After 1878, when Mrkojevići was annexed by Montenegro the Mrkovska kapetanija (the captaincy of Mrkovići) was created as an administrative unit. After 1880, Montenegro incorporated the area of Gorana, which then became administratively part of Mrkojevići.

==Anthropology==
===Folk traditions===
Johann Georg von Hahn recorded one of the first oral traditions about the Mrkojevići from a Catholic priest named Gabriel in Shkodër in 1850. According to it the first direct male ancestor of the Mrkojevići was Merkota Keqi, son of a Catholic Albanian named Keq who, fleeing from the Ottoman conquest, settled in a Slavic-speaking area that would become the historical Piperi region. His sons, the brothers Lazër Keqi (ancestor of Hoti), Ban Keqi (ancestor of Triepshi), Merkota Keqi, Kaster Keqi (ancestor of Krasniqi) and Vas Keqi (ancestor of Vasojevići) had to abandon the village after committing murder against the locals, but Keq and his younger son Piper Keqi remained there and Piper Keqi became the direct ancestor of the Piperi tribe.

===Dialect===
In the local Slavic dialect of Mrkojevići, the influence of Albanian is noticeably prevalent. While it is
certain that some of the Mrkojevići were historically Albanian, with some still choosing to identify as such, it is likely that both
population shifts, in conjunction with bilingualism with surrounding Albanian speakers are responsible for the penetration of Albanian features into the Slavic dialect spoken by the Mrkojevići.

==Population==
As of 2011, the region has 3,140 inhabitants. Most but not all residents of the communal municipality are part of the Mrkojevići historical tribe. In terms of census records, about half of the communal municipality identifies as ethnic Muslims, about 1/3 as Montenegrins and the rest as Bosniaks, Serbs, Albanians and Muslims-Montenegrins or Montenegrins-Muslims.

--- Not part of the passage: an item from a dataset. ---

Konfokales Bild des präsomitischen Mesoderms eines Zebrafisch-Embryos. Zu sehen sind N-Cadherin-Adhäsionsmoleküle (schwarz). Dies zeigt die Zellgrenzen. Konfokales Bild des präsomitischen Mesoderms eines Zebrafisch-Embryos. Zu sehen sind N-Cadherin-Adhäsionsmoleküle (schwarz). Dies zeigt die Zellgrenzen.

| Settlement | Montenegrins | Serbs | Bosniaks | Muslims (ethnic group) | Albanians | Muslims-Montenegrins or Montenegrins-Muslims | No response | Others | Total |
|---|---|---|---|---|---|---|---|---|---|
| Dabezići | 68 | 0 | 0 | 86 | 0 | 0 | 6 | 0 | 160 |
| Dobra Voda | 369 | 62 | 148 | 376 | 28 | 13 | 19 | 19 | 1046 |
| Grdovići | 62 | 0 | 0 | 107 | 0 | 0 | 0 | 0 | 175 |
| Kunje | 148 | 50 | 0 | 170 | 0 | 16 | 9 | 12 | 415 |
| Mala Gorana | 39 | 0 | 9 | 75 | 0 | 0 | 6 | 0 | 131 |
| Pelinkovići | 83 | 0 | 0 | 41 | 12 | 0 | 0 | 0 | 141 |
| Pečurice | 96 | 92 | 72 | 213 | 13 | 1 | 14 | 25 | 573 |
| Velja Gorana | 33 | 0 | 1 | 285 | 17 | 0 | 10 | 0 | 353 |
| Velje Selo | 86 | 0 | 6 | 134 | 0 | 0 | 2 | 4 | 233 |
| Total | 984 | 204 | 236 | 1487 | 70 | 30 | 68 | 60 | 3,140 |

==Traditions==
The festival "Dani Mrkojevića" (Days of the Mrkojevići) is held annually in the last week of July, in Pečurice as a celebration of culture and traditions of the area.